[[ Data in this exercise, beginning ]]
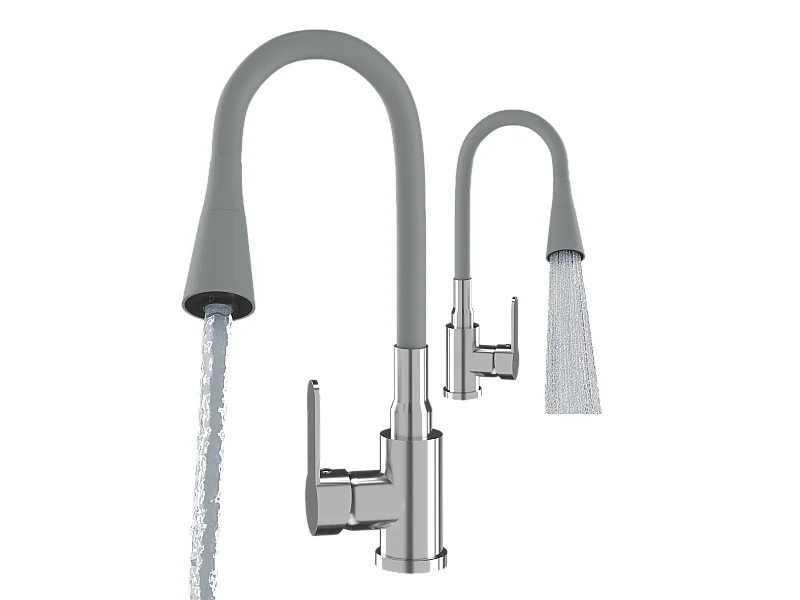 Melangeur de cuisine bec flexo gris robinet flexo bec flexible chrome 85111932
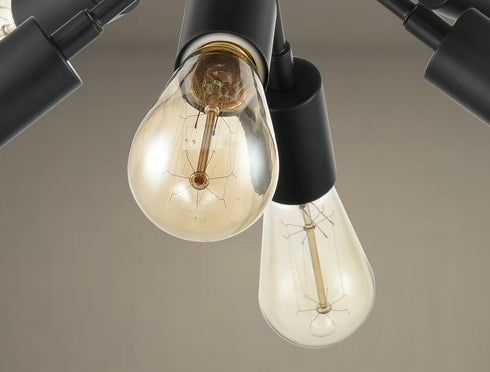 Modern Black Sputnik Ceiling Light 8-light Flush Mount Fixture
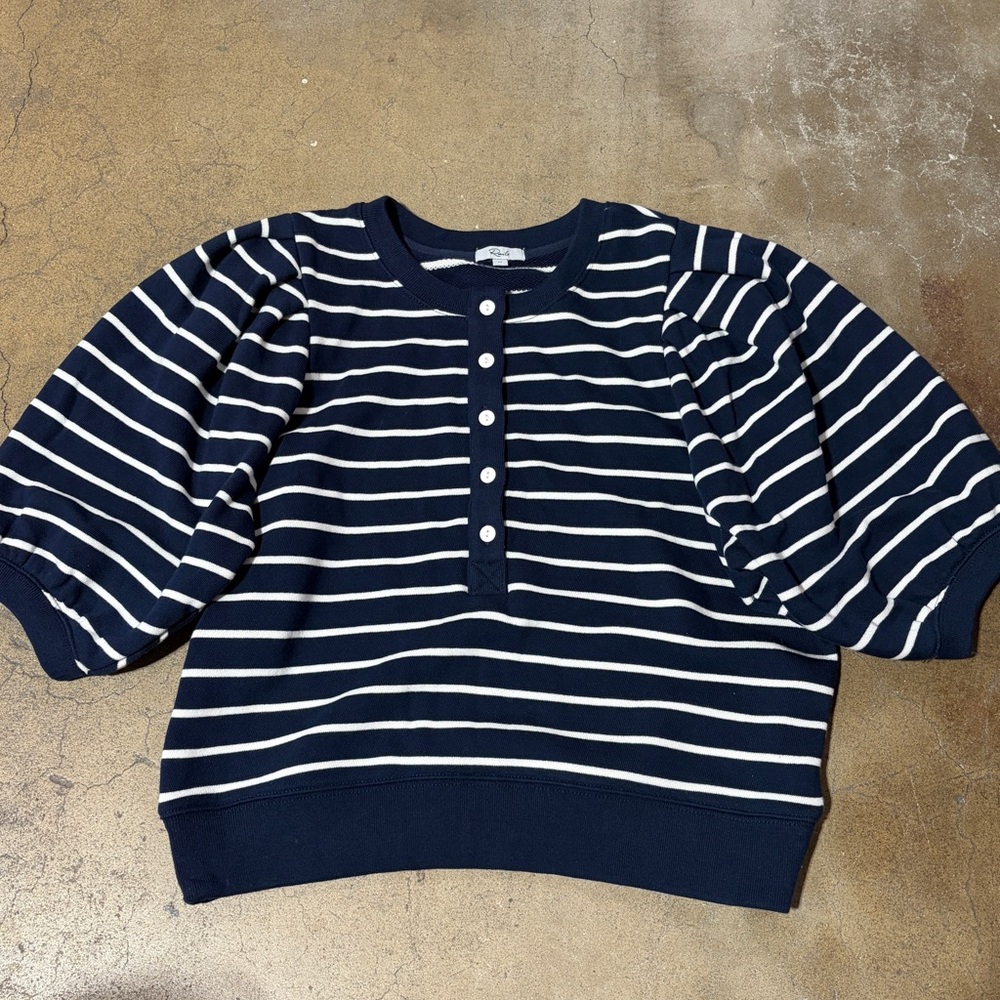 Rails Dom Puffed Sleeve Cotton Navy White Striped Button Up Henley Sweater Top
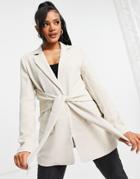 Na-kd Tie Front Blazer In Off White
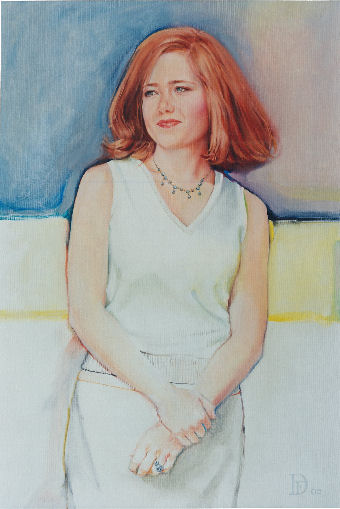 oil portrait of a woman with red hair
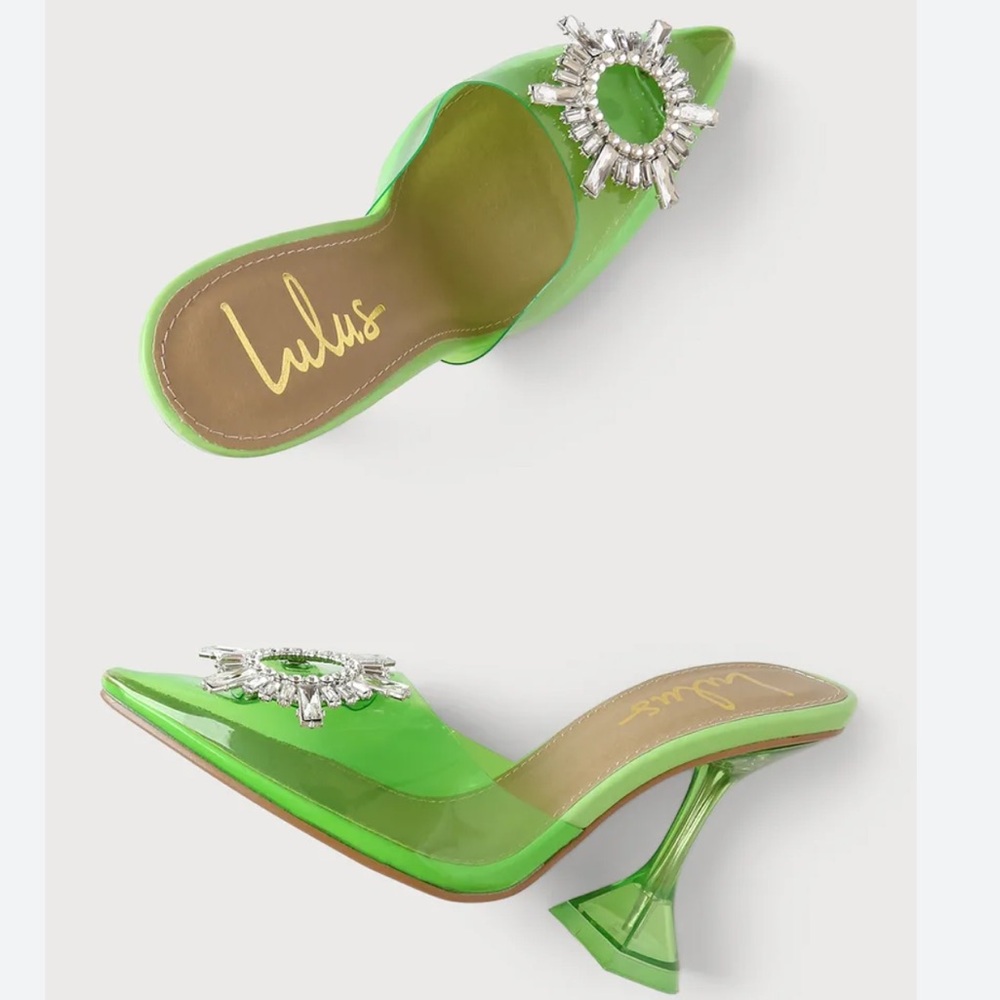 Lulu’s Midnight Lime Pointed-Toe Heels Size 7.5 NWOB - Picture 2 of 6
[[ Data in this exercise, end ]]
Write out only the lines from the one that contains "Modern Black Sputnik" through the last line of the records above, both included, word for word and without the pictures.

**Answer to the problem**.
 Modern Black Sputnik Ceiling Light 8-light Flush Mount Fixture
 Rails Dom Puffed Sleeve Cotton Navy White Striped Button Up Henley Sweater Top
 Na-kd Tie Front Blazer In Off White
 oil portrait of a woman with red hair
 Lulu’s Midnight Lime Pointed-Toe Heels Size 7.5 NWOB - Picture 2 of 6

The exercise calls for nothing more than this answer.